The Full Setup Guide — Everything Connected
This post brings together everything covered in the series into a single, working local AI setup. By the end, you'll have a Fedora workstation running local models, accessible remotely via Tailscale, with editor integration and agent tooling ready to use.
What you'll need
- A Fedora Workstation installation (Fedora 39 or later recommended)
- A GPU with at least 8 GB VRAM (12–16 GB recommended), or Apple Silicon with 32 GB+ unified memory
- A Tailscale account (free tier is sufficient)
- A Hugging Face account (free)
Step 1: Prepare your GPU environment
For NVIDIA:
Enable RPM Fusion and install the proprietary driver:
sudo dnf install https://mirrors.rpmfusion.org/free/fedora/rpmfusion-free-release-$(rpm -E %fedora).noarch.rpm \
https://mirrors.rpmfusion.org/nonfree/fedora/rpmfusion-nonfree-release-$(rpm -E %fedora).noarch.rpm
sudo dnf install akmod-nvidia xorg-x11-drv-nvidia-cuda
Reboot after installation. Verify with nvidia-smi.
For AMD:
The amdgpu driver ships in the Fedora kernel. To enable ROCm for compute workloads:
sudo dnf install rocm-opencl rocm-hip
Verify ROCm is available with rocminfo.
Optional — TTM configuration for VRAM overflow:
To allow your GPU VRAM to spill into system RAM when full, add the following to your kernel parameters:
sudo grubby --update-kernel=ALL --args="amdgpu.vm_size=256"

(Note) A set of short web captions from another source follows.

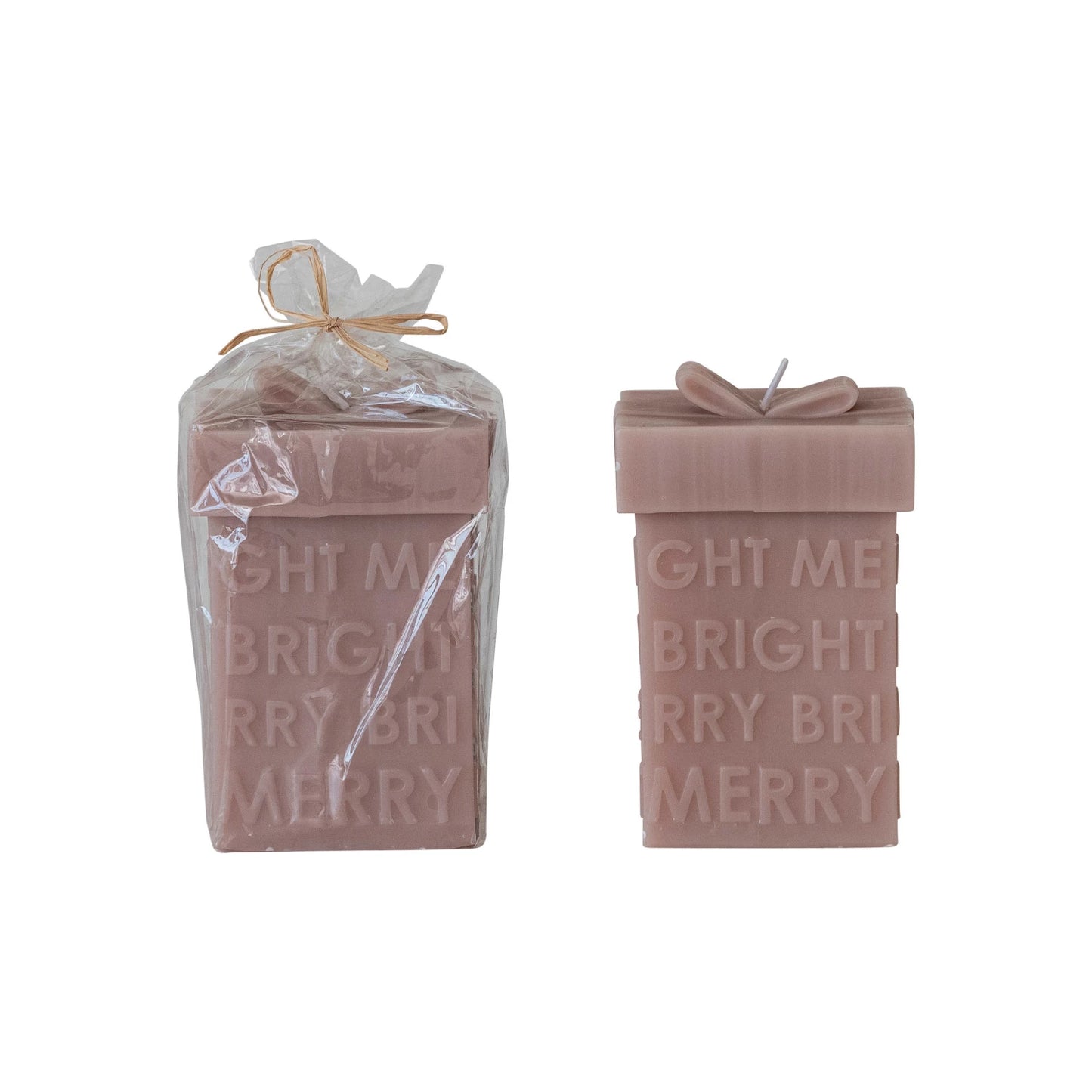 Unscented Gift Box Shaped Candle "Merry/Bright", Khaki Color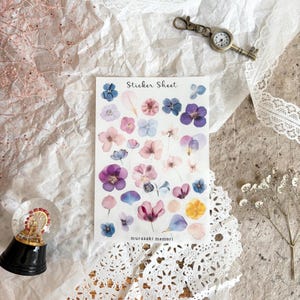 Stickerbogen - Getrocknete Blumen bügeln | frostig klar | Journaling | Planer | Einklebeband | Ephemera | Junk Journal | Frühling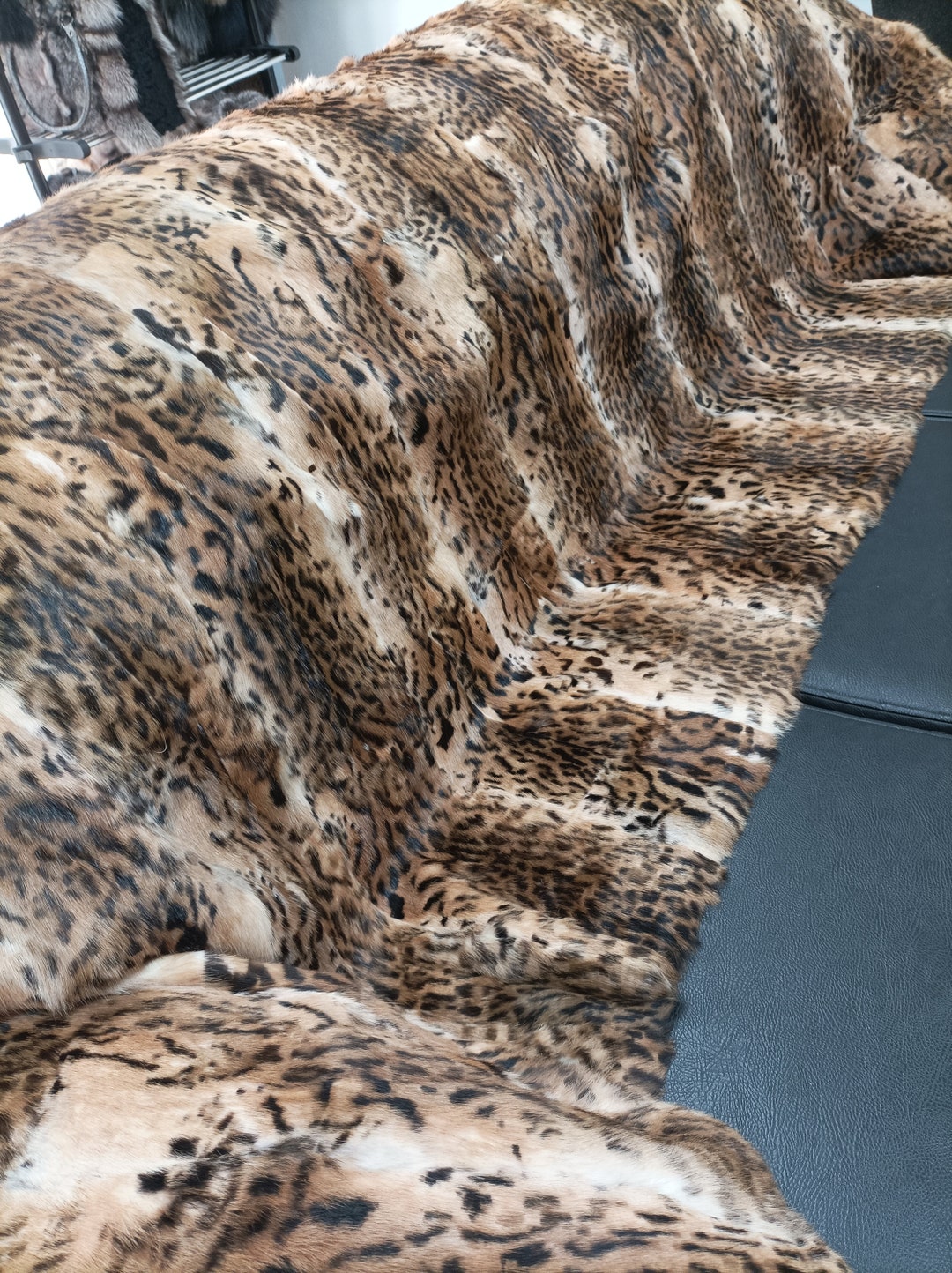 Real Rabbit Fur Blanket Throw Leopar, Home Warmer Etsy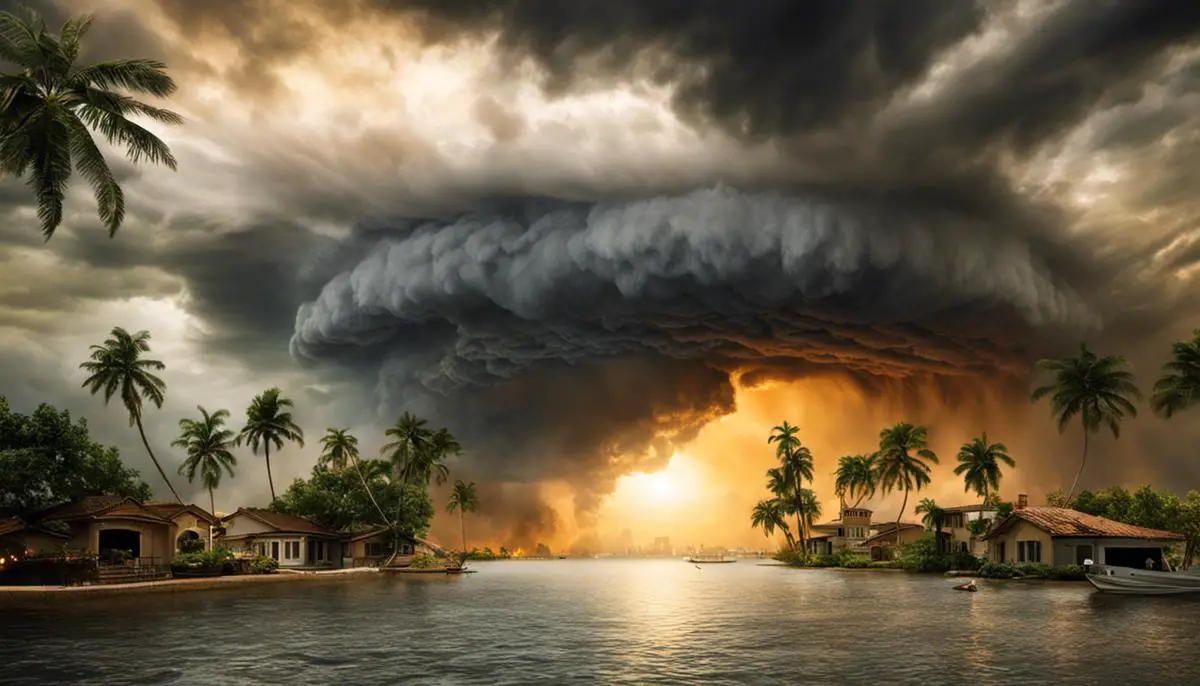 An image depicting extreme weather events and natural disasters such as hurricanes, heatwaves, and floods.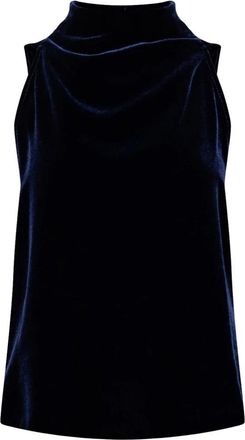 Forte_Forte Fluwelen Top - Dames - Tops zonder mouwen - Blauw - M - Leer - Tops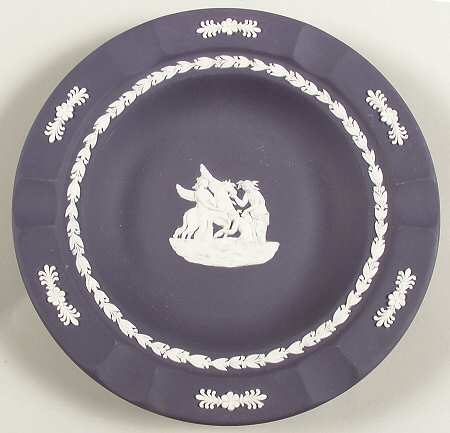Cream Color on Portland Blue Jasperware Executive Ashtray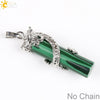 Classic Natural Stone Crystal Column Pendant Necklace Copper Electroplated Minimalist Totem Dragon Design Jewelry For Men And Women
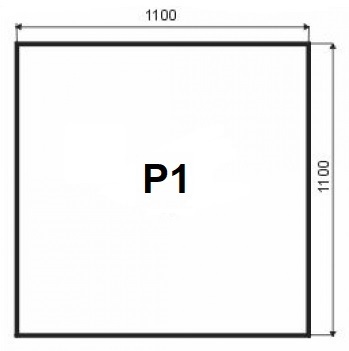 Sklo pod kamna P1 - kouřové 110x110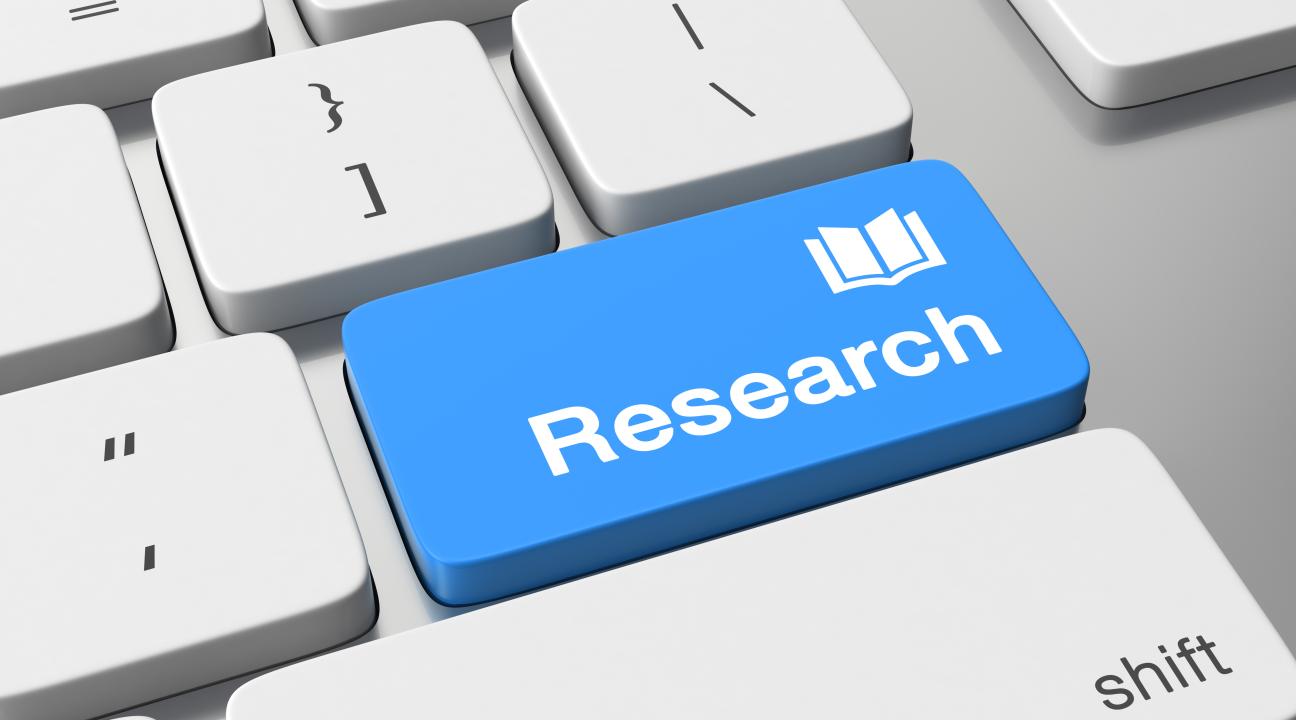 Decorative image of "research" button on computer keyboard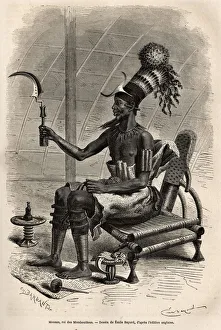 Mounza, king of the Mombuttous (tribe of Sudan), headdress of a bun covered with a Mounza, king of the Mombuttous (tribe of Sudan), headdress of a bun covered with a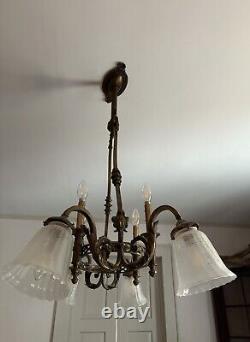 Antique 1800's Brass Gasolier Chandelier Light with Orig. Shades 36 Complete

Adjust the value based on how much system RAM you want to make available as overflow. Reboot for this to take effect.
Step 2: Install Ollama
curl -fsSL https://ollama.com/install.sh | sh
Pull your first model:
ollama pull llama3.2
ollama pull nomic-embed-text # useful for embeddings later
Test it's working:
ollama run llama3.2 "Hello, are you running locally?"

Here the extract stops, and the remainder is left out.